Personal information
- Full name: Mark Francesco Zanotti
- Date of birth: 11 August 1964 (age 60)
- Original team(s): Subiaco (WAFL)
- Height: 185 cm (6 ft 1 in)
- Weight: 88 kg (194 lb)

Playing career^{1}
- Years: Club / Games (Goals)
- 1983–1988: Subiaco / 60 10)
- 1987–1988: West Coast / 36 (6)
- 1989–1992: Brisbane Bears / 64 (5)
- 1993–1995: Fitzroy / 57 (8)
- Total:  / 217 (29)
- ^{1} Playing statistics correct to the end of 1995.

= Mark Zanotti =

Australian rules footballer

Mark Francesco Zanotti (born 11 August 1964) is a former Australian rules footballer who played with the West Coast Eagles, Brisbane Bears and Fitzroy Football Club in the Australian Football League (AFL).

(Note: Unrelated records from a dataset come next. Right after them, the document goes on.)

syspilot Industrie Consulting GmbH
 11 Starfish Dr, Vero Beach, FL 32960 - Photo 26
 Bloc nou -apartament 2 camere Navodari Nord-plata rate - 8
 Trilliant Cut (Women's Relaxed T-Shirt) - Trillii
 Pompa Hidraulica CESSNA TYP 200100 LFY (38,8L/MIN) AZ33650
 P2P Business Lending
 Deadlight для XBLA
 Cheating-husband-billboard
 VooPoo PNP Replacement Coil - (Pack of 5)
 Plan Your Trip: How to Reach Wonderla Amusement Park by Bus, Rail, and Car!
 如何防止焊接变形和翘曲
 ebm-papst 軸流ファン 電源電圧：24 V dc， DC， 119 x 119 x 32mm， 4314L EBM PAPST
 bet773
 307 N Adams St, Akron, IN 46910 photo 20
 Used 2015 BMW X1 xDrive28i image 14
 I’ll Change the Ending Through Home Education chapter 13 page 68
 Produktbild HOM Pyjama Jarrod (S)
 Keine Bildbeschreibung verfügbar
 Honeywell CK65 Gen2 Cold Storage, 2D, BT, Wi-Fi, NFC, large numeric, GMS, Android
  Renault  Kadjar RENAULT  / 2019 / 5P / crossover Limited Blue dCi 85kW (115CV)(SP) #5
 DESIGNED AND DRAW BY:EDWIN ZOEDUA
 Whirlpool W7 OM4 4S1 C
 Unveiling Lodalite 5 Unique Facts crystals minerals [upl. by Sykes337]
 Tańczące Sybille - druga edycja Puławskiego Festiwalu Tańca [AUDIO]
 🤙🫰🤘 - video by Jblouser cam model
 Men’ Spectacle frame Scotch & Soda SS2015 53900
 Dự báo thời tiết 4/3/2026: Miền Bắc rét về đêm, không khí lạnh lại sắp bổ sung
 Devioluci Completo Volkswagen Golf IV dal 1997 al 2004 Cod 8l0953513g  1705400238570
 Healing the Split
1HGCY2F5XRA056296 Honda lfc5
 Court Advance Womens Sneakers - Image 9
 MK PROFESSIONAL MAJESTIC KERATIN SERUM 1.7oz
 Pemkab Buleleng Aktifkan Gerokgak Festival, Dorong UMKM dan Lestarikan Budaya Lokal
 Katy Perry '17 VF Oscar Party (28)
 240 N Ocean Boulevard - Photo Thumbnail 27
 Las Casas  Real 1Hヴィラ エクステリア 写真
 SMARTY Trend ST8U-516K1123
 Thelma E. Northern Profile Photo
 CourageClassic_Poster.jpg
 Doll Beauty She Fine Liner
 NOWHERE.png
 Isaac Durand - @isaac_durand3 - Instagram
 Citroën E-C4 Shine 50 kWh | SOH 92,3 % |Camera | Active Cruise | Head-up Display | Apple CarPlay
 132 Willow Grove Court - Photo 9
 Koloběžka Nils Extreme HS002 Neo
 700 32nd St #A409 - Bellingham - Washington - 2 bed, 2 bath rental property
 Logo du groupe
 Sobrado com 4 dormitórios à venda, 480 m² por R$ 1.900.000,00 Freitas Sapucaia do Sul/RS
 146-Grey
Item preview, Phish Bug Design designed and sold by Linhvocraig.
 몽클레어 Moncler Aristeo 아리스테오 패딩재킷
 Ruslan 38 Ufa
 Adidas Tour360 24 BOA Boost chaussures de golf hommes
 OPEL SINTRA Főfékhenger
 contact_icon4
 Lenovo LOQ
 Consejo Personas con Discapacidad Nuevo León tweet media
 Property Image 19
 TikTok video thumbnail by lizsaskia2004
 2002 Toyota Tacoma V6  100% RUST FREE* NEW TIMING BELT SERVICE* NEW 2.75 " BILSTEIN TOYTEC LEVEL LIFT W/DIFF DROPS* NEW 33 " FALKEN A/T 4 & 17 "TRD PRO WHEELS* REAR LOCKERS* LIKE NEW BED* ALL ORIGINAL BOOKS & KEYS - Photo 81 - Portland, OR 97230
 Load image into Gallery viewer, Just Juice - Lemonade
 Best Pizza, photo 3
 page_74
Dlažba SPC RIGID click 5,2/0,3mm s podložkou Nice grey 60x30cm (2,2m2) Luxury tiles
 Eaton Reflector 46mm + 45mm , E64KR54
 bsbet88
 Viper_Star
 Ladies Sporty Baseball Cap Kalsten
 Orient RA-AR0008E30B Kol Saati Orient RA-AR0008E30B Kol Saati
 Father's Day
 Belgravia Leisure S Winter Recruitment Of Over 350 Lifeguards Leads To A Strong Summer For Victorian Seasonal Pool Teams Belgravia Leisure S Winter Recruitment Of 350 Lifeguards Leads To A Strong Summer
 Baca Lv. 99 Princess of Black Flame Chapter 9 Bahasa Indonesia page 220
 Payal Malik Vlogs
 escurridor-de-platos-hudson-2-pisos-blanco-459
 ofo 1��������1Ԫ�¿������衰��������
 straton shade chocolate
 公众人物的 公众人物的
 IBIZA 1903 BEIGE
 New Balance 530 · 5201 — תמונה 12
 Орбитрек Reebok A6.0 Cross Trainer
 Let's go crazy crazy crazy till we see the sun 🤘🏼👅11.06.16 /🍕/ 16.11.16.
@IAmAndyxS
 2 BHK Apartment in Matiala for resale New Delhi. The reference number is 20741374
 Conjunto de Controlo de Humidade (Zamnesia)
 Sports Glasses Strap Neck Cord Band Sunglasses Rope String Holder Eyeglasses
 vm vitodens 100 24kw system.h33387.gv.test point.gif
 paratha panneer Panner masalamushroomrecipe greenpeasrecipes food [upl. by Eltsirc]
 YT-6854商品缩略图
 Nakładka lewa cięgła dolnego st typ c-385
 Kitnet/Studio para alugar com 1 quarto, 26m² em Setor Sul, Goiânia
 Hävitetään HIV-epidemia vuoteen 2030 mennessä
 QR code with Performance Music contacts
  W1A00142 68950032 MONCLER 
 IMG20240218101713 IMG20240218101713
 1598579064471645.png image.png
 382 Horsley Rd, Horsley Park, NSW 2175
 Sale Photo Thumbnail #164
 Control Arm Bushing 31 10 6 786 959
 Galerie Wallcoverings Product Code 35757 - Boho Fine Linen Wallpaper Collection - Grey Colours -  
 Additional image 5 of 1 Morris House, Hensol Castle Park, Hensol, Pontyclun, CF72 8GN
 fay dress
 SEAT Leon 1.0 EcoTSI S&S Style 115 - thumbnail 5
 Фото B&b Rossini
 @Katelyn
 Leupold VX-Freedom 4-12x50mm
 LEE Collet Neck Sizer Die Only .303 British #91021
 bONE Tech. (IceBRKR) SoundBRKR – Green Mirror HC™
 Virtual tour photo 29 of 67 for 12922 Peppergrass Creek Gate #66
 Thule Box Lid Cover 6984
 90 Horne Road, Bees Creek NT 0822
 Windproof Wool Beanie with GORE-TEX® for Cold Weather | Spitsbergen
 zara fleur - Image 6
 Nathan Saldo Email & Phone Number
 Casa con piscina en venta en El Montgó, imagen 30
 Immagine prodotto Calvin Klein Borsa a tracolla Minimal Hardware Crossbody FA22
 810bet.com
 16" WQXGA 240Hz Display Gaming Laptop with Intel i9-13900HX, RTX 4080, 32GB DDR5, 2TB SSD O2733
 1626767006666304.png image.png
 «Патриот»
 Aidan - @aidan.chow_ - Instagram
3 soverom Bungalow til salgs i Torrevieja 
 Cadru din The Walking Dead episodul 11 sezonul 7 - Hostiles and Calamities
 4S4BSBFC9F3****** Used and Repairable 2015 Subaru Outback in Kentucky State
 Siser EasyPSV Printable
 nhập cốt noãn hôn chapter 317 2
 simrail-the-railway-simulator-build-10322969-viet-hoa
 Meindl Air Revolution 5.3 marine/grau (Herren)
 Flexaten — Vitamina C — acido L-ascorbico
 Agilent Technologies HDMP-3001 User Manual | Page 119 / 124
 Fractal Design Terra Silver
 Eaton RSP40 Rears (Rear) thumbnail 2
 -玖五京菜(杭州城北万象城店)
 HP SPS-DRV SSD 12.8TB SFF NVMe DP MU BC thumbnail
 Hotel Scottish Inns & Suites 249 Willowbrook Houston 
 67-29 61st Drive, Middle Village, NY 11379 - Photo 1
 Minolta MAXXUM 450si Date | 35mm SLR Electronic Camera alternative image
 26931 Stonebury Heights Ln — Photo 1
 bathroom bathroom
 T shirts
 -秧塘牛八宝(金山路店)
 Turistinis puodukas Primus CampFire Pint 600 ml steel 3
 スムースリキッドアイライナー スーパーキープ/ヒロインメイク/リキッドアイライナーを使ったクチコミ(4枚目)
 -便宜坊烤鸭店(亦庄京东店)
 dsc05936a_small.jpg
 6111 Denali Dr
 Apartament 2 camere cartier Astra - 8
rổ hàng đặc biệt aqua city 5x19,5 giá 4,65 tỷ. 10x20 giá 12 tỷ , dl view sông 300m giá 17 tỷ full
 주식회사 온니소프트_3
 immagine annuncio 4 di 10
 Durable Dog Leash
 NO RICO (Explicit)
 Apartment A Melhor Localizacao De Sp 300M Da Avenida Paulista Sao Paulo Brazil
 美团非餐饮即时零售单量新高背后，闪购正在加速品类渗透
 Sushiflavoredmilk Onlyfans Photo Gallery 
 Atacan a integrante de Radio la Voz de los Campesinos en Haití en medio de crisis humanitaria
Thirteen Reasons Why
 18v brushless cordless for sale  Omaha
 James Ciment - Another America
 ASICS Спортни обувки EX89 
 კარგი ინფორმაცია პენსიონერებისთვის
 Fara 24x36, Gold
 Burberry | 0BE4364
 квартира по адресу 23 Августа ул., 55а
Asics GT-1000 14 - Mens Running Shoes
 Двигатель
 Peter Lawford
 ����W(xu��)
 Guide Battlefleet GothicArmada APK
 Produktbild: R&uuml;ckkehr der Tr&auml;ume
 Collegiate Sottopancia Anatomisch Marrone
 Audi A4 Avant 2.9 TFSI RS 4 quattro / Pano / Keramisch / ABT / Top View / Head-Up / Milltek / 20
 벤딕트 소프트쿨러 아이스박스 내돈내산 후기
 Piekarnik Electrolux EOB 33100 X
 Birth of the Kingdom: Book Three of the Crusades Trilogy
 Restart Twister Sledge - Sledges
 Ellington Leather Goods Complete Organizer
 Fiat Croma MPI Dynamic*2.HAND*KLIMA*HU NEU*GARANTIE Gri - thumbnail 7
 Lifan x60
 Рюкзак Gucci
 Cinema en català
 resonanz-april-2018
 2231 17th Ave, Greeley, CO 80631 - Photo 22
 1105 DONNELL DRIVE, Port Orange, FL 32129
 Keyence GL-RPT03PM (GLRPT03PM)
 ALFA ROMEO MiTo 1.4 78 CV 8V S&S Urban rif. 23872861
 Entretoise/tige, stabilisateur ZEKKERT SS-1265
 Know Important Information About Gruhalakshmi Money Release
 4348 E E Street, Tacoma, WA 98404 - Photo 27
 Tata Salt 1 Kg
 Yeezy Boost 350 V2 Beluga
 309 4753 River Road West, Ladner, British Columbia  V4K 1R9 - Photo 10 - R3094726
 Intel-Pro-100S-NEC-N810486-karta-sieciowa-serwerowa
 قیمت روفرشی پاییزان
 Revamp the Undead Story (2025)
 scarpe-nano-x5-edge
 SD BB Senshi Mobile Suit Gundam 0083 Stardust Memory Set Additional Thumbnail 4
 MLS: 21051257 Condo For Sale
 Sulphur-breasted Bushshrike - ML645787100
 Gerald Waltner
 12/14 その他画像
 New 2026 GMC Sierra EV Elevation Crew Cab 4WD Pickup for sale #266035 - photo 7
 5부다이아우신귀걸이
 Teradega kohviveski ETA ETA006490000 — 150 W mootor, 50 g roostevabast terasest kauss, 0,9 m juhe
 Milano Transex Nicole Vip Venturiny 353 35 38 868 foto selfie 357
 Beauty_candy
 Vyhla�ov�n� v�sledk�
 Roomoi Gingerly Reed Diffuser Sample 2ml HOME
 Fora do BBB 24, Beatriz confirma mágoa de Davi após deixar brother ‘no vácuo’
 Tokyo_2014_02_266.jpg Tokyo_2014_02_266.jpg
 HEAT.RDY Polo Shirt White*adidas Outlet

Zanotti usually played at fullback and started his career with Scarborough before joining Subiaco in the West Australian Football League (WAFL). He played in their 1986 premiership and won the Simpson Medal for best on ground in the grand final. The following season he joined then VFL and was a member of West Coast's inaugural side. After two seasons he moved to Brisbane and had his best season in 1990 when he finished third in their best and fairest. He finished his career at Fitzroy from 1993 until 1995, adding 57 games. In addition to playing for three VFL/AFL clubs he also represented Western Australia five times in interstate football.

After finishing his career in Australia he moved to the UK where he was one of the founders of the London Gryphons who subsequently became the Putney Magpies.